Name:Patchouli Patch(パチュリパッチ)
Brand:L'Artisan Parfumeur
Lauched in 2002
Perfumer: Bertrand Duchaufour & Evelyne Boulanger
日本では販売終了

My Episode

昨夜の「バラ泥棒」の紹介の時に、「香水というのは生ものだと思う」という話をしたが、まさにこの「パチュリパッチ」もぼくにとってはそんな生ものらしい思い出のある香りである。
この「パチュリパッチ」のぼくの第一印象は「臭い」だった。
初めてこの香りを嗅いだ時、ぼくは思わず「何!?これ!臭いよ!絶対にこんなのつけないよ!」と大声で言ってしまったほど強烈な拒否感を覚えた。
湿った土の香りなんかわざわざ香水にしてどうするんだよ?とすら思った。
ところが、である今はとにかくこの香水が好きで好きでたまらない。
香水の名前に「パチュリ」が入っているだけで、無条件で体に吹き付けたくなるくらいこの香りが好きになってしまったほど。
初めて嗅いだ時は、鼻が慣れていないために、どうしても拒否感が先にきてしまう。

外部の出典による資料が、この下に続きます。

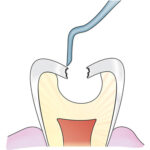 GDC ART Atraumatic Restorative Treatment Instrument (ART3 # 6) - Image 3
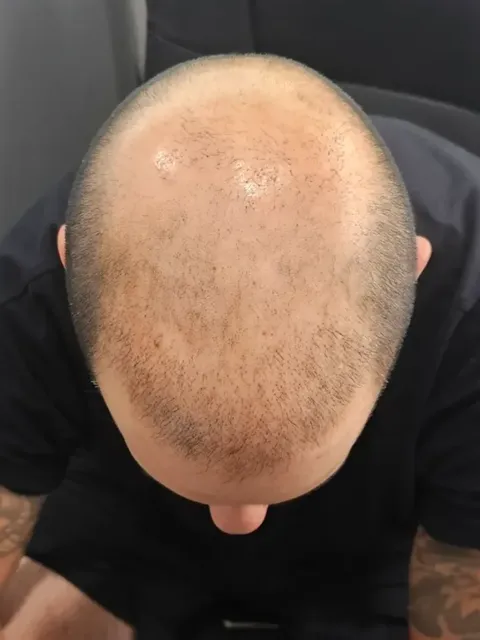 HairDot SMP comparison 16, before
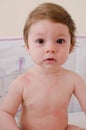 Roseola infantum Royalty Free Stock Photo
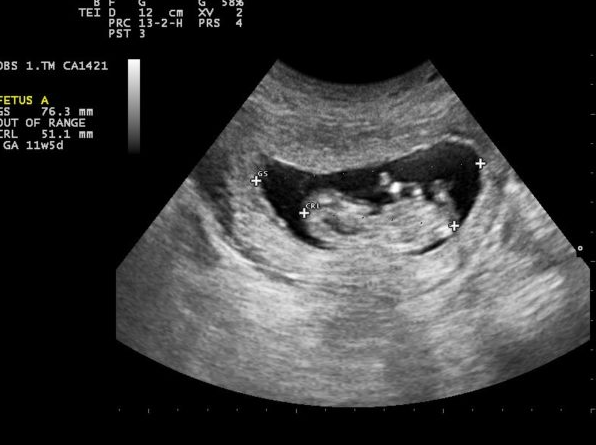 Giải đáp: Thai bao nhiêu tuần thì siêu âm thấy túi thai? 1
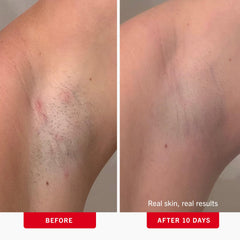 First Aid Beauty ingrown hair pads on underarm area exfoliating to prevent bumps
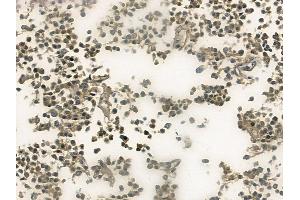 ABIN6256493 and ABIN6267533 at 1/100 staining human glioblastoma by IHC-P. (CDKN1B anticorps  (pThr187))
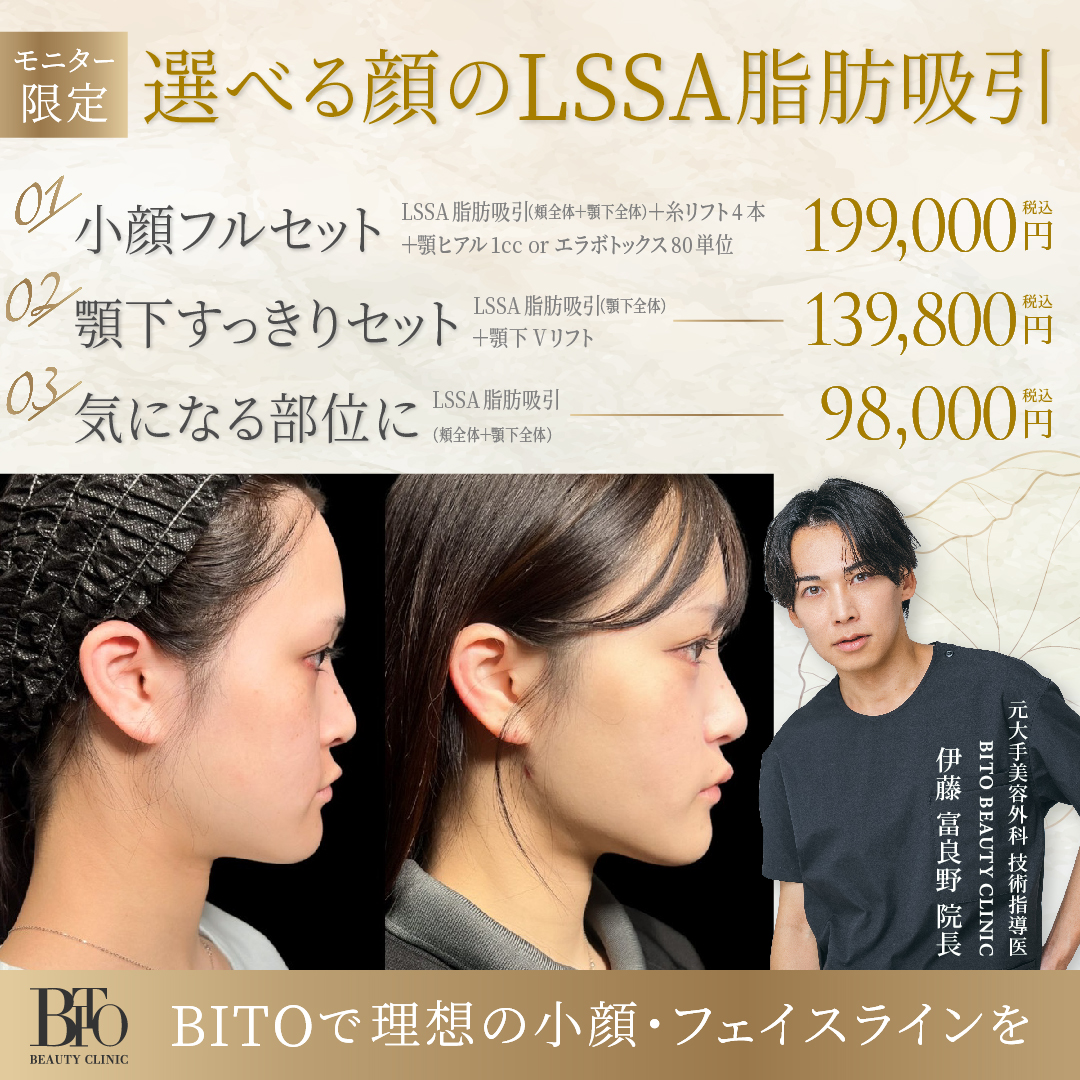 5月キャンペーン:選べる顔のLSSA脂肪吸引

ところが、鼻が慣れてくると、今度はその拒否感が逆転するようなのだ。
つまり、「嫌よ、嫌よも好きのうち」状態とでもいうか。
この香りも、ぼくよりも周りの人たちの方が「ケンさんに似合っている香りだ」と評価していた。
それでもぼくはずっと、なんだか受け入れられなかった。
ラルチザンの表参道店に行くたびに、この香りを試すんだけど、全然買う気にならなかったから、当時の店長は「そうね、そこまで苦手なんだったら、まだ買わなくて良いんじゃない?」と言われて続けていた。
だから、この香水を手に入れたのは、初めてこの香水と出会ってから一年後だった。
ところが、そのころには、この香りに対する苦手意識も薄まっていた。両手離しで受け入れるほどではないけれども、ひょっとしたら好きになるかもしれないという予感があった。
だから、初めてこの香水を買った時も、50mlではなく100mlにしたのだ。
そして、その予言は見事に的中し、すでにぼくは3本目の100mlに突入してしまったほど。
この「パチュリパッチ」の大きな特徴は濃厚な雨上がりの土の香りだけではなく、チョコレートのような甘さも感じられること。土のにおいってチョコレートっぽいの?って思ってしまうほど。
そして、その後、ぼくは様々なブランドのパチュリと出会うことになるんだけど、ベースとなるのはこのラルチザンの「パチュリパッチ」なのである。
ぼくにとって、ラルチザンというのは、すべての香料の原点と言っても良いだろう。
パチュリはこの「パチュリパッチ」が基準となるし、バラの香りは昨日ご紹介した「バラ泥棒」、アンバーは「アンバーエクストリーム」、後日登場する予定の「バニーユアブソリュマン」はぼくにとってのバニラ系香水の原点になるし、「アルード」はウード系香水の限定となる。
「パチュリパッチ」は、リニューアル後もしばらくは日本に入ってきていたのだが、今は残念ながら日本未入荷になってしまった。本当にそれが惜しい。
輸入代理店の人と話をするときは必ず「バラ泥棒」「パチュリバッチ」「アルード」はまた日本でも扱って欲しいと懇願しているのだけれども。

NOTES

Top notes: Patchouli, Caraway, Star Anise, White Musk

Middle notes: Patchouli, White Musk, Osmanthus, Iris

Base notes: Sandalwood, Vetiver, Cedar

「バラ泥棒」の時に感じた土臭さというのは、このパチュリの香りだったんだということで、この二つの香水を嗅ぎ比べてみると、そのベースとなる共通のパチュリの香りを感じ取ることができるだろう。
ところで、このパチュリ、ぼくは最近までずっと「香料は土か、あるいは土のついた植物の根っこの部分」だとばっかり思っていた。ところが、パチュリというのは、シソ科の多年生草本と知り、ちょっと驚いた。生の葉の時は匂いがなくて、茎を離れてから香りが立つのだとか。実際にまだ生の葉を嗅いだことがないので、いつか試してみたいと思っている。